3. On the basis of documents publicly filed in the United States: (i) Oratec's authorized share capital is 75,000,000 Shares, and 5,000,000 shares of undesignated preferred stock; and (ii) as at December 31, 1999, there were 16,491,149 Shares outstanding, 3,369,037 Shares subject to outstanding options and 212,908 Shares subject to outstanding warrants;

4. The Shares currently trade on the Nasdaq National Market;

5. Oratec is not subject to the reporting obligations of Parts X, XI and XII of the Act;

6. Pursuant to a registration statement on Form S-1 dated April 4, 2000 filed with the United States Securities and Exchange Commission, Oratec offered to the public in the United States 4,000,000 Shares at a price of US$14.00 per Share. In connection with the Offering the Issuer granted the underwriters an option to purchase an additional 600,000 shares at the public offering price to cover over allotments;

7. Concurrently with the Offering in the United States, Shares were offered to certain purchasers in Canada under the Applicant's private placement program (the "Program"). Under the Program, prospective purchasers in Manitoba and Ontario were provided with preliminary and final offering documents consisting of the United States preliminary and final prospectus supplemented with certain additional disclosure relating to the offering of Shares in Canada;

8. On April 10, 2000, the Offering closed and four Canadian purchasers purchased a total of 60,000 Shares. The only sale to a Manitoba entity was to I.G. Investment Management Ltd. (the "Purchaser"), which purchased 25,000 Shares through the Applicant at the price of US$14.00 per Share for an aggregate purchase price of US$350,000;

9. The Applicant acted as agent in connection with the issuance by Oratec of 25,000 Shares to the Purchaser on April 10, 2000. The trade was intended to be made in reliance on the exemption from the registration and prospectus requirements of the Act found in subsection 19(3) and clause 58(1)(a) of the Act.
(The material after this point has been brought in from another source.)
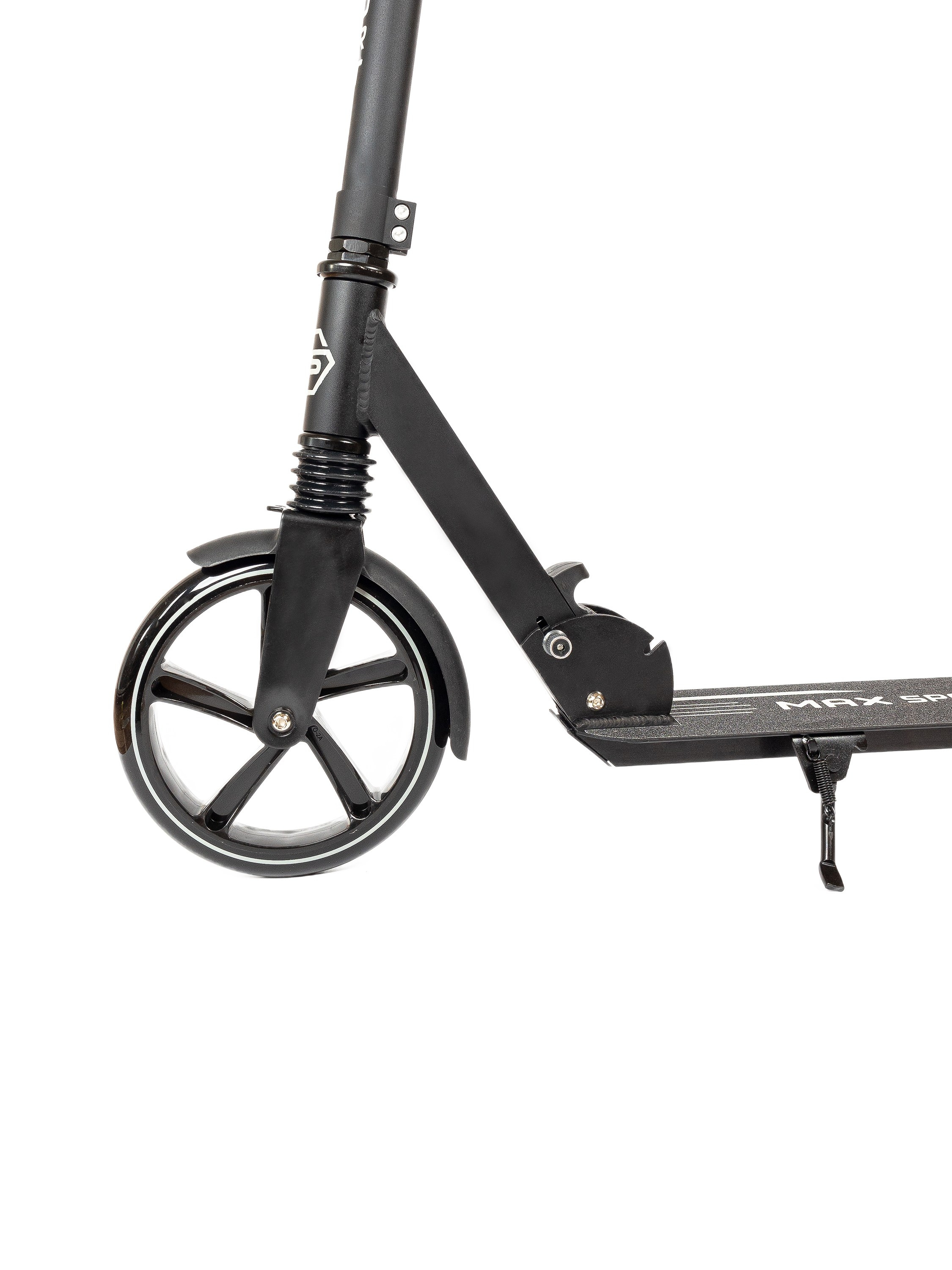 Предметная съёмка самокатов. Предметный фотограф в Симферополе Антон Катунин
Due to an oversight, no Form 8 has been filed with the Commission in respect of the trade, as required pursuant to section 7 of the Securities Regulation under the Act;

(C) The Commission is of the opinion that it would not be prejudicial to the public interest to grant the order requested.

IT IS ORDERED:

1. THAT, pursuant to section 20(1) of the Act, the Applicant and Oratec are exempt from the requirements of sections 6 and 37 of the Act in connection with the trade of Shares to the Purchaser provided that:

(a) the Purchaser receives a copy of this Order;

(b) the Applicant or Oratec files or causes to be filed with the Commission a report in accordance with Form 8 to the Securities Regulation promulgated under the Act within 10 days of the date of this Order;

(c) the Purchaser be offered an opportunity to confirm or rescind its purchase within 10 days of the date of this Order.

2. THAT the fee for this order shall be $1,000.00.